Dissipou-se-lhes a desculpável dúvida do meu sexo aquando o baile de finalistas desse ano. Elas no espelho da casa de banho das raparigas onde eu, esverdeada como ninguém no hotel, vomitava o lavatório de verdinho como eu. Foi um bom momento para mim, não pelo intermitente vómito, mas por sentir a mão de B. a segurar-me a testa: encostava-me ao lavatório como que a uma almofada, finalmente tive menos tamanho que elas.

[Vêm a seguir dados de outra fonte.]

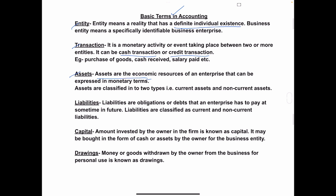Assets are the economic resources of an enterprise that can be expressed in monetary terms. These assets are classified into current assets and non-current assets. Current assets are short-term assets, or the assets which can be easily converted into cash. For example, cash, bills receivable, trade receivable, or any kind of short-term investments — assets which can be easily converted into cash are called current assets.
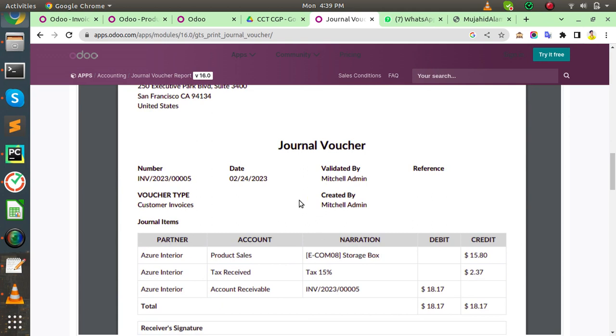If you want to customize this report format, you can contact me at GeoTableSoft. And you can buy this module. Link available in the video description.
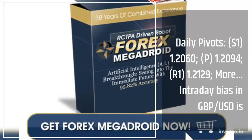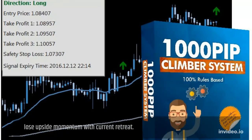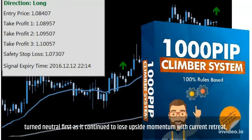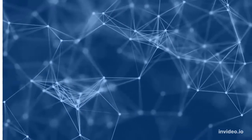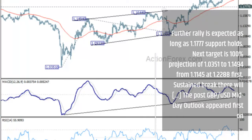Intraday bias in Pound Sterling to US Dollar is turned neutral first, as it continued to lose upside momentum with the current retreat. Further rally is expected as long as 1.1777 support holds. Next target is 100% projection of 1.0351 to 1.1494 from 1.1145 at 1.2288 first. Sustained break there will...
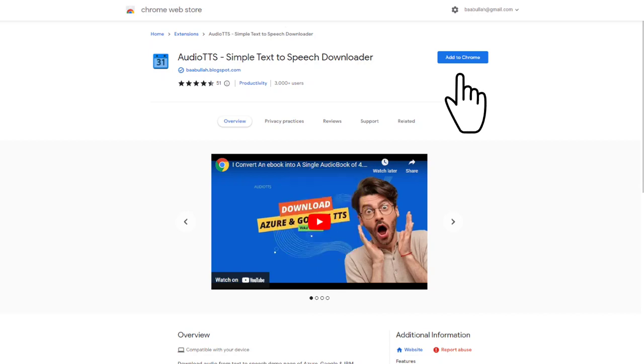First, install the Audio TTS Chrome extension by visiting the Chrome web store and searching for Audio TTS. Then, click the Add to Chrome button to install it.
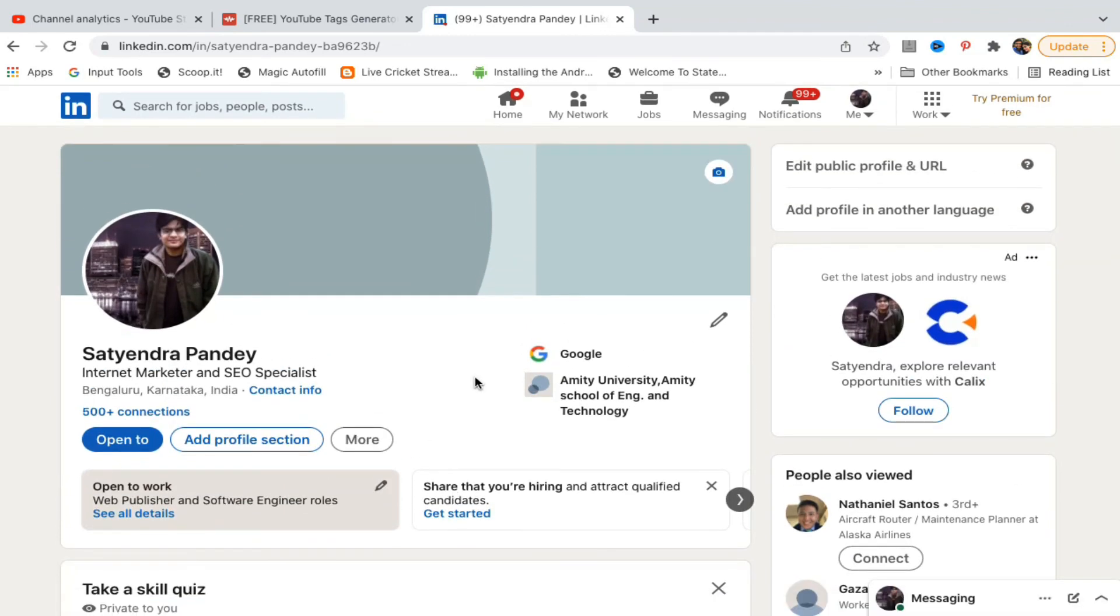This is how you're going to set open to work on LinkedIn. Thank you for watching the video. Please like it and subscribe to my YouTube channel. Thank you.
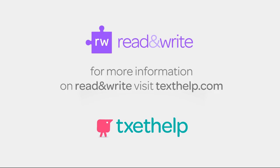For more information on Read&Write for Android or our other products, including our Read&Write for iPad keyboard, visit Texthelp.com.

F. ria-se em agudo alcoolismo e nem o autoclismo que ela puxara suprimiu aquele riso: causava-me a sensação de ser vítima de acupunctura no crânio. B. não me largou a testa. Nem quando F. apercebeu-se de ter nos joelhos duas rodelas de pele e entrou em pânico. Que aquele baile não era de Carnaval. Que o seu namorado estava na pista. Como era possível. B. sem me largar gritou-lhe que rasgara as collants com a força das vodkas ao levantar-se da sanita. F. não gostou. Para mim um final feliz: a saída triunfalmente solitária de F. da casa de banho. Fiquei só com B., só minha por uma mão na testa. A ser precisa, ficaram também as collants de F. no lavatório verde. Tive pena que ela tivesse a depilação feita, se fossem as minhas pernas nuas naquela noite, nem quero imaginar.
Foi a noite em que pela primeira vez beijei um rapaz. Dia seguinte B. e F. falaram comigo. Ainda juram que ele era filho de um preso que assassinara o irmão.